Art History Carnival February 2011

Welcome to the February 1, 2011 edition of art history carnival! Thank you to everyone who participated in this issue - there is some fabulous stuff here. We have everything from a reminder that artists - whether painters or film directors - tend to take liberties with the details of history, to a fascinating debate over the meaning and subject matter of Giorgione's The Tempest. So, pour yourself a cup of tea, and prepare to spend a while reading!

art history

Giorgione's The Tempest (seen above) seems to have captured the imagination of a number of art history bloggers this month, including Gina Collia-Suzuki. who raises a number of questions about the painting in her post The Tempest, by Giorgione posted at The Perplexed Palette.

But it doesn't end there!
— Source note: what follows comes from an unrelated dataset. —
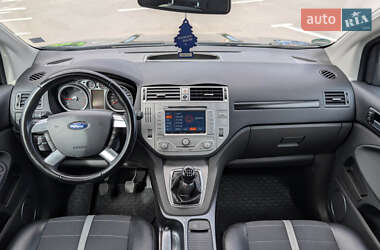 Внедорожник / Кроссовер Ford Kuga 2010 в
H Niyazi examines the painting from an historical perspective in his post, which explores the turbulent historical background of the early 1500s, and discusses its impact on some iconic works of Venetian Renaissance art, including Giorgione's 'Tempest' and Carpaccio's 'Portrait of a Knight'" in Giorgione, Carpaccio and the Siege of Padua posted at Three Pipe Problem

Have you ever heard of Hubert Van Eyck? I'm sorry to say that, prior to reading the following post, I hadn't! Hubert has been rather forgotten by the art world, thanks to the larger than life image of his brother Jan. Monica Bowen delves into the history of the Van Eyck brothers in Jan and Hubert Van Eyck: What I wish we knew posted at Alberti's Window.
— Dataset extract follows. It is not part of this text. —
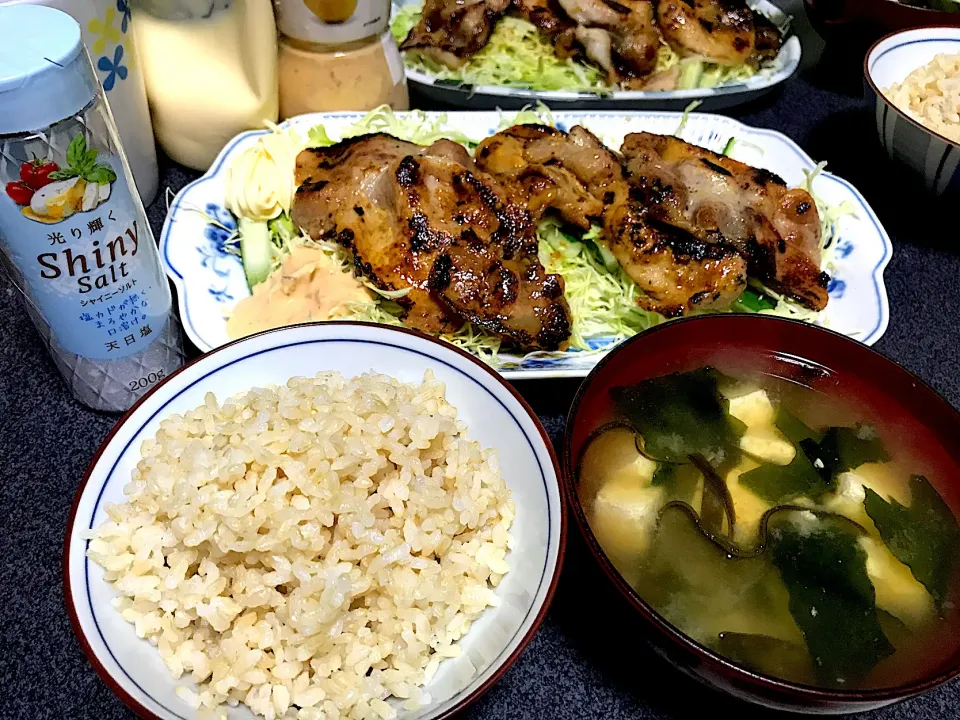 Snapdishの料理写真:#夕飯　ロウカット玄米、西京漬けポーク焼き、豆腐わかめ昆布味噌汁、キャベツきゅうりサラダ(塩山椒、1000アイランド、マヨ)|ms903さん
Have you ever wondered why paintings of historical events include figures directly staring at the viewer? Monica Bowen looks to Renaissance scholar Leon Battista Alberti for the answer in historia paintings: here's looking at you, kid posted at Alberti's Window

David Packwood takes us on a journey into the Venetian Renaissance, and the work of Tintoretto, as recounted by the Pre-Raphaelite Brotherhood's talismanic advocate John Ruskin in Ruskin & Tintoretto posted at Art History Today

Dr. Frank DeStefano prefaces the work of John V. Fleming, exploring the sacred symbolism in Giovanni Bellini's 'St Francis in the Desert'" in his post entitled The sacred symbolism of Giovanni Bellini posted at Three Pipe Problem

Diana Flores presents her reaction to the Vietnam War Memorial in A Lacanian Intepretation of Maya Ying Lin's Vietnam War Memorial  posted at The Canon

One of the biggest challenges for art historians who researching female artists is that women's artwork has often been lost in the pages of history. Susan Benford helps remind us of the work done by one accomplished 17th century artist in Famous Painters: Judith Leyster posted at Famous Paintings Reviewed - An Art History Blog. Susan has also done a fascinating post featuring the work of portraitist Lavinia Fontana in Famous Paintings: Portrait of a Noblewoman posted at Famous Paintings Reviewed - An Art History Blog.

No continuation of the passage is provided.